Add up the emergency loans the Federal Reserve distributed to banks between 2007 and 2009 -- when the American economy lurched closer to collapse than anyone had previously thought possible -- and it's an impressive picture.
On Friday, Bloomberg News made available the fullest version yet of its data on Fed emergency lending, a subject the news organization has written about numerous times in the past year. The Bloomberg release includes records of about 50,000 transactions the Fed made through seven different financial mechanisms.
At their peak, these seven programs represented $1.2 trillion in loans to banks and financial institutions -- the high-water mark of a massive, systemic bailout whose details the country's central banking authority has not always seemed eager to divulge.

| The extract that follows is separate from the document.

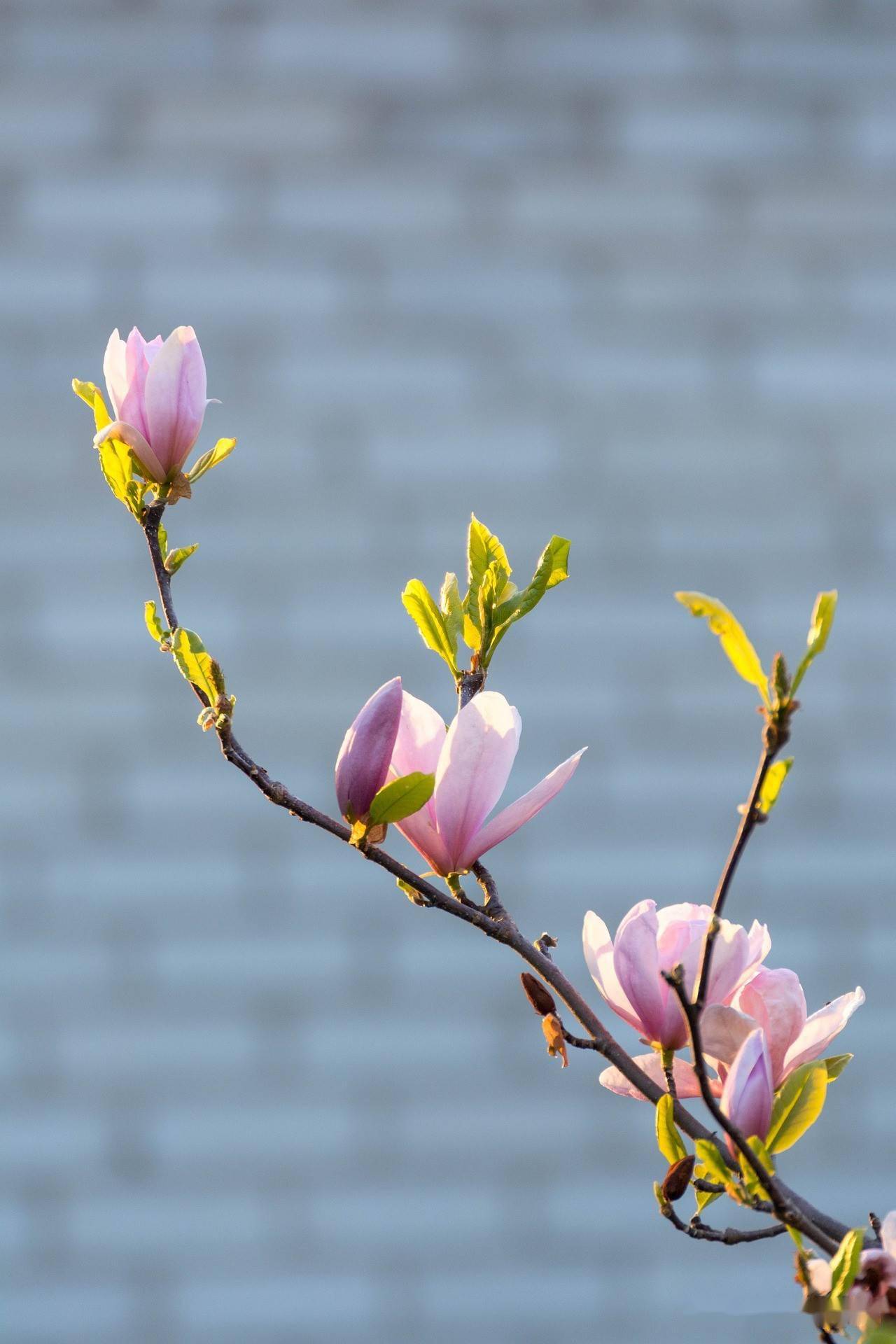 图二十 多又乱,没啥构图. 而像图二十一,二十二这样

Much of the information included in Friday's release has been previously reported in Bloomberg coverage, but this week marked the first time that funds from the seven programs have been presented as a series of daily loans to 407 individual banks.
"There were reasons for doing it. There are always reasons for doing it," said Dean Baker, co-director of the Center for Economic and Policy Research, referring to the Fed's lending to troubled banks at a moment when the country's entire financial architecture seemed to be in jeopardy.
At the same time, Baker said, transparency is important in matters like this.
"This is public money," Baker told The Huffington Post. "The public has every reason in the world to know where it went."
Some of the data included in Friday's compilation was obtained in the face of considerable resistance. Bloomberg News had to file Freedom of Information Act requests to learn more about which institutions received loans under two of the seven lending programs. Disclosure did not come until Bloomberg LP, the parent company of Bloomberg News, brought a lawsuit against the Fed that nearly made it to the Supreme Court.
The Clearing House Association, which represents some of the country's largest commercial banks, argued at the time that making such information public would undermine investor confidence in the banks that accepted loans, and would make it less likely that banks would seek emergency assistance in the future.
Friday's report, like Bloomberg's earlier coverage, indicated that many of the banks that received Fed loans ended up realizing substantial financial benefits as a result.
An earlier Bloomberg article estimated that banks netted about $13 billion when all was said and done, even after paying off interest on their loans. The Fed has contested this figure, but in Friday's report, Bloomberg repeated the assertion that borrowers were left better off than they had been before.
"The fact that these institutions benefited enormously, I don't think you can really dispute," Baker said.
Even as critics have accused the Fed of being less than forthcoming, few people claim that the central bank did the wrong thing by stepping in to backstop a financial system that seemed to be on the verge of imploding.
"In the middle of the financial crisis, this is what you need. This is what a central bank is supposed to do," said James Wilcox, a professor at the Haas School of Business at the University of California, Berkeley.
Wilcox compared the financial crisis to a forest fire -- except, he said, "forest fires are more predictable in the path they're going to take."